As utopias e as distopias, em literatura e no cinema, parecem nos ter feito crer que “anos 2000” ou “século XXI” são expressões hiper-futuristas. Nos anos dourados de quando pensamos o amanhã, vislumbramos diversos formatos dos 2000. “Porque estamos em 2015”, respondeu o primeiro-ministro canadense Justin Trudeau ao ser questionado sobre a presença de deficientes, um refugiado e o grande número de mulheres em seu governo. Uma linda resposta que, com razão, arrancou aplausos dos presentes na conferência.

Dia desses, uma querida amiga relatava com o espanto que deixa seu rosto ainda mais bonito: “Em pleno 2015, casais têm medo de dialogar sobre sexo!”.

Também fico surpreso por ainda existirem algumas questões, algumas inseguranças gerais. Mas por que achamos que estamos tão assim no futuro, distantes do arcaico?

Vamos nos dando conta de que esses números cardinal e romano, 2015 e XXI, são apenas dígitos sem grande densidade. Se eu, com quase 32 anos, sinto-me velho e pouco maduro, tenho a impressão de que os dois milhares de aniversários de Jesus Cristo pouco ou nada têm a dizer sobre avanços.
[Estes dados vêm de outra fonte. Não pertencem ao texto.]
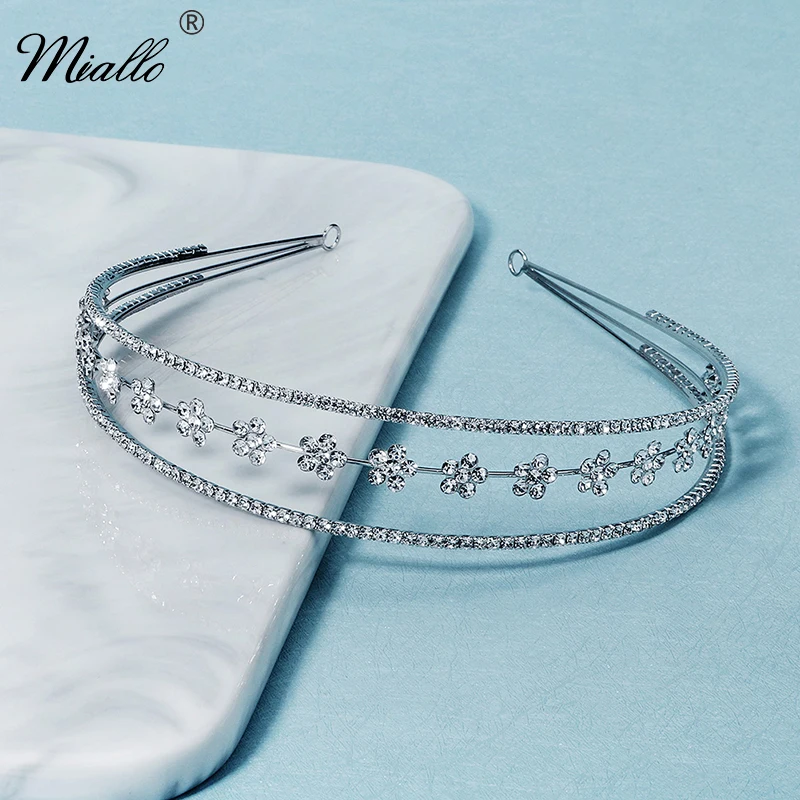 Miallo Fashion Rhinestone Headbands for Women Hairbands Hair Accessories Silver Color Wedding Crown Bridal Hair Jewelry Gift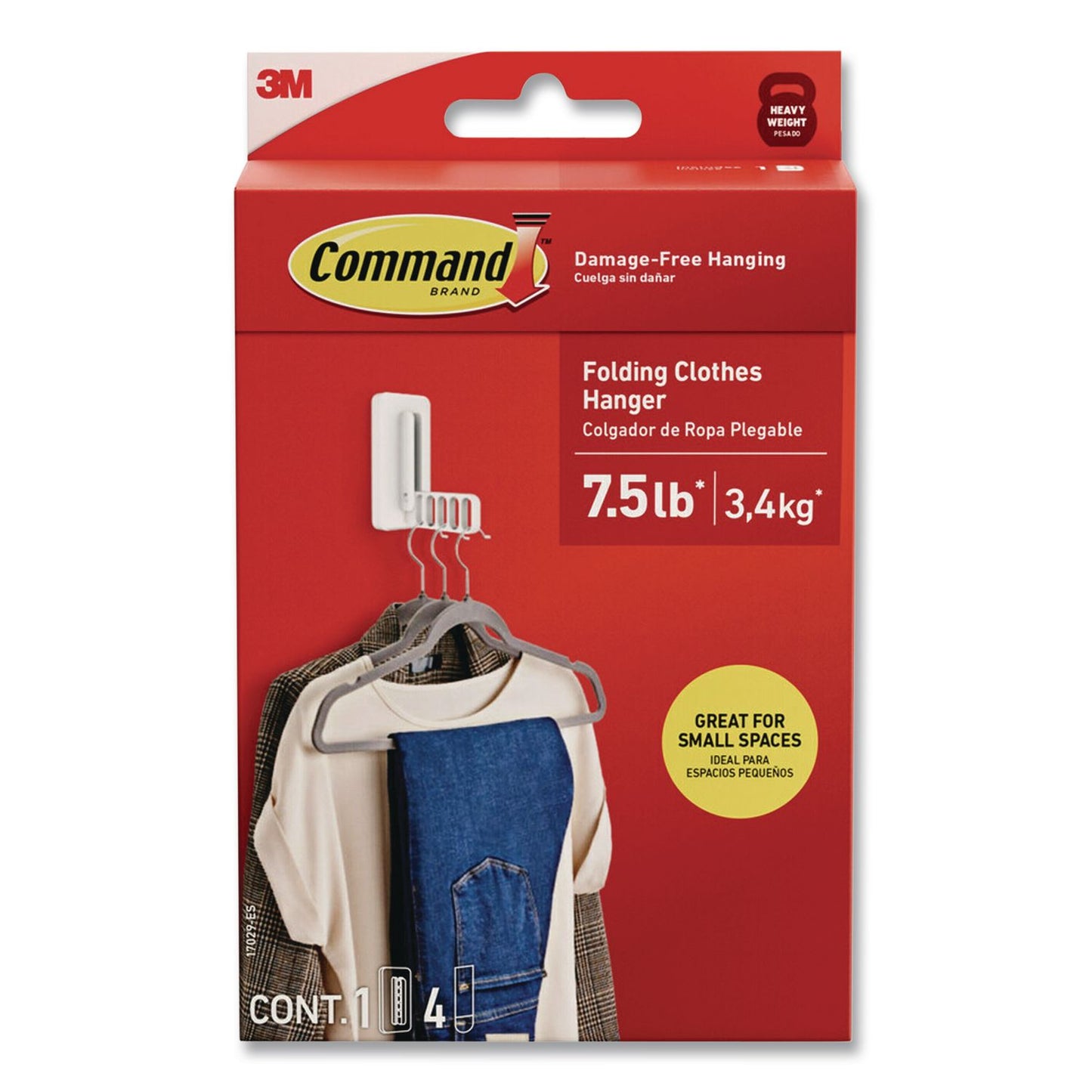Folding Clothes Hanger Arm, Individual Slots for Five Clothes Hangers, Plastic, White, Supports 7.5 lb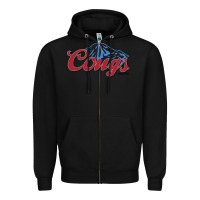 Black wsu cougs light blue Zipper Hoodie - linhVisuals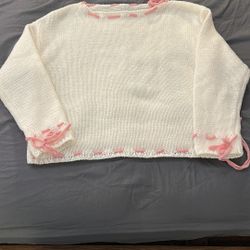 SHEIN White and Pink Women's Sweater NWOT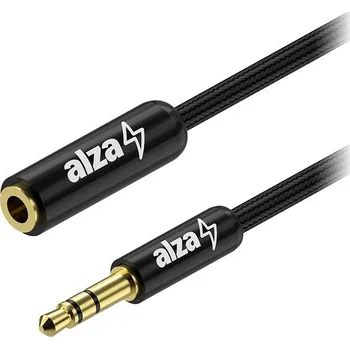 Datový kabel AlzaPower AluCore Audio 3.5mm Jack (M) to 3.5mm Jack (F) 2m černý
Se um vivente demora para amadurecer, imagine as sociedades, esses amontoados de gente desamparada, definida pelo medo. “Ainda” matamos, “ainda” julgamos o outro, “ainda” cremos em verdades universais, “ainda” posicionamos as aparências no topo do prestígio.

“Em pleno 2015”, quase nada sabemos sobre o amor. Seria o amor algo superado ou algo a conquistar?


Das certezas: concreto, asfalto, ferro, conexão global, split, design arrojado, smartphones 6-X-G-Alfa-Limbo, dois milhares e pouco de números representados no belo 2015 — nada disso fala sobre ser “civilizado”, “moderno”, “avançado”, “livre”.

Que, em 2016, a gente reconheça cada vez mais as nossas infantilidades e/ou velharias.